> **EXERCISE**: Your answer must be the exact lines of the listing below that run from the line with "This painting is" to the line with "An electric field", ends included, and no pictures.

> **AVAILABLE RECORDS**:
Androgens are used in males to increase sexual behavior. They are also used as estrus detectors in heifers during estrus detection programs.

---

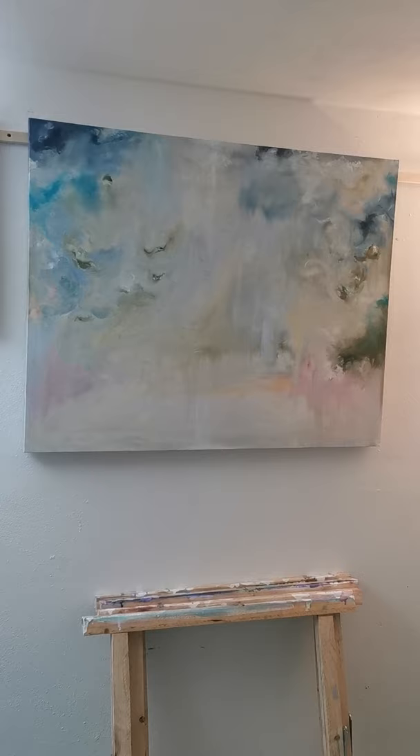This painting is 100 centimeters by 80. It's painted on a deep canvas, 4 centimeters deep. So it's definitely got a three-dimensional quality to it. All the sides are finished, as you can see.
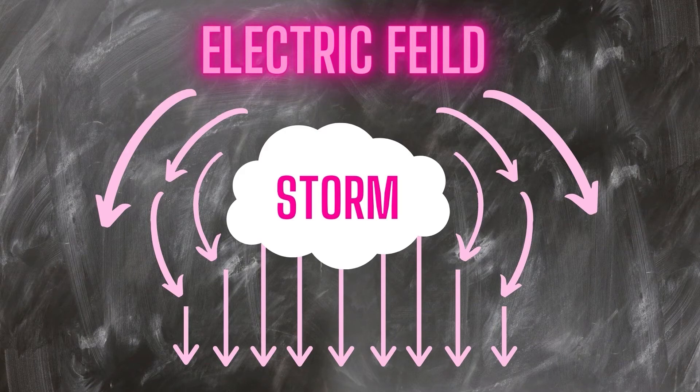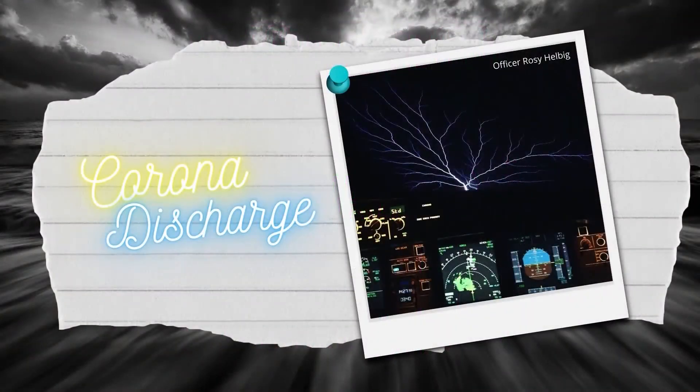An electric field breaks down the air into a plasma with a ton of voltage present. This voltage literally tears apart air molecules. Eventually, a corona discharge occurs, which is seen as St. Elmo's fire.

* * *

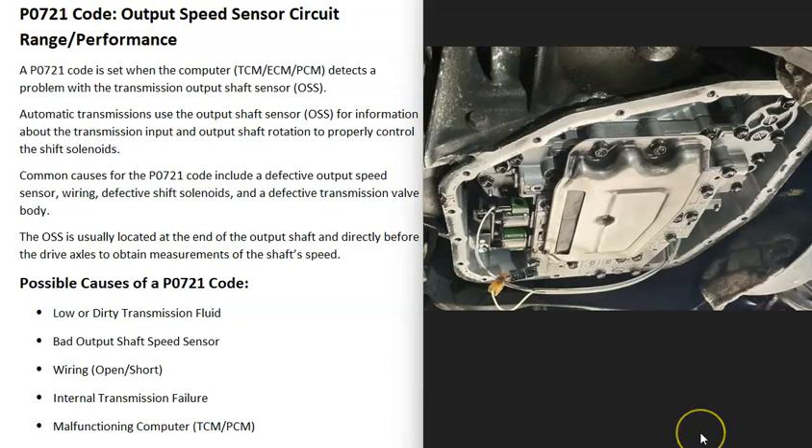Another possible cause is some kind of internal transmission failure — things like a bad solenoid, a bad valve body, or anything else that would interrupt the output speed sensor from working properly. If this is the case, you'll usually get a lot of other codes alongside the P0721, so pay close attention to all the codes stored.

> **TASK OUTPUT**:
This painting is 100 centimeters by 80. It's painted on a deep canvas, 4 centimeters deep. So it's definitely got a three-dimensional quality to it. All the sides are finished, as you can see.
An electric field breaks down the air into a plasma with a ton of voltage present. This voltage literally tears apart air molecules. Eventually, a corona discharge occurs, which is seen as St. Elmo's fire.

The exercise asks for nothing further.